• **THE TASK**:
Transcribe the whole listing below without changing a word, but leave out every image.

• **DATA PROVIDED**:
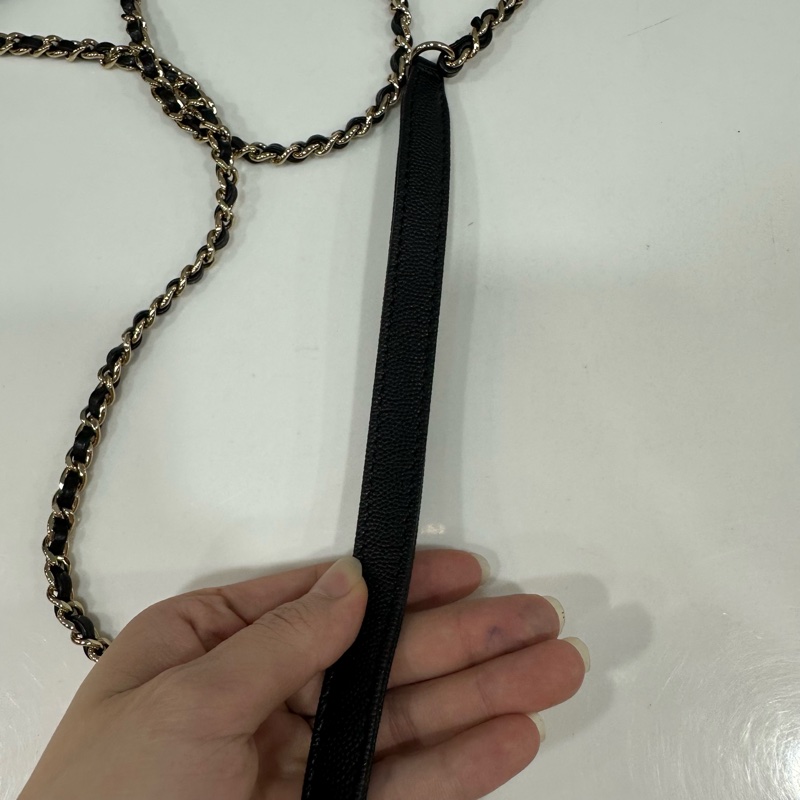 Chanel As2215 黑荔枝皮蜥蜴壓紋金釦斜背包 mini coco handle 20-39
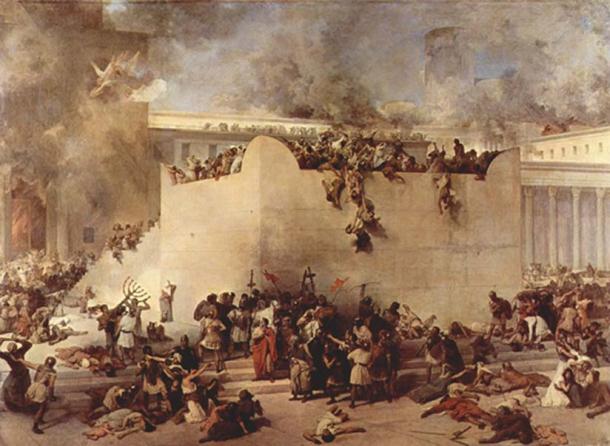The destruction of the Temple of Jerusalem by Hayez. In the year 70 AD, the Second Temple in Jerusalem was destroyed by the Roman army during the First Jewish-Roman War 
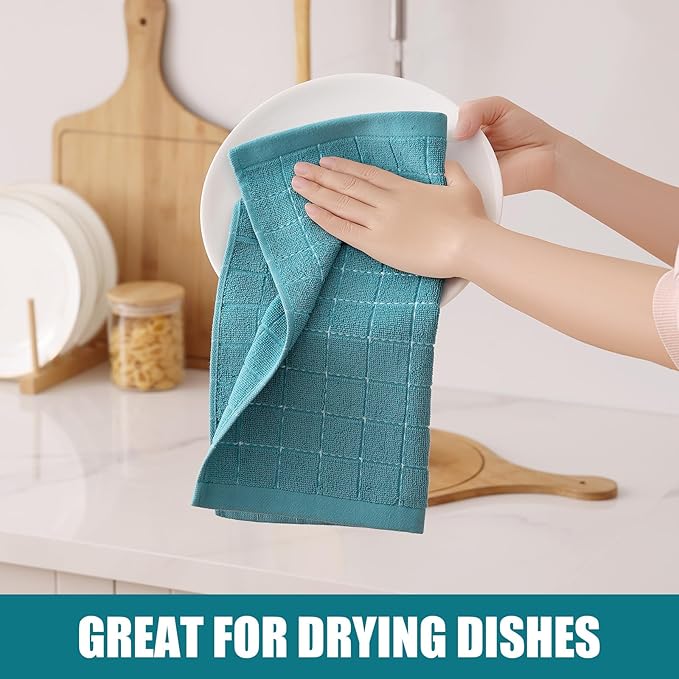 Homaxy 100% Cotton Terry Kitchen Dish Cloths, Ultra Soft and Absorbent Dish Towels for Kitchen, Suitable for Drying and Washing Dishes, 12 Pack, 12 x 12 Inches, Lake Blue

• **PROBLEM SOLUTION**:
 Chanel As2215 黑荔枝皮蜥蜴壓紋金釦斜背包 mini coco handle 20-39
The destruction of the Temple of Jerusalem by Hayez. In the year 70 AD, the Second Temple in Jerusalem was destroyed by the Roman army during the First Jewish-Roman War 
 Homaxy 100% Cotton Terry Kitchen Dish Cloths, Ultra Soft and Absorbent Dish Towels for Kitchen, Suitable for Drying and Washing Dishes, 12 Pack, 12 x 12 Inches, Lake Blue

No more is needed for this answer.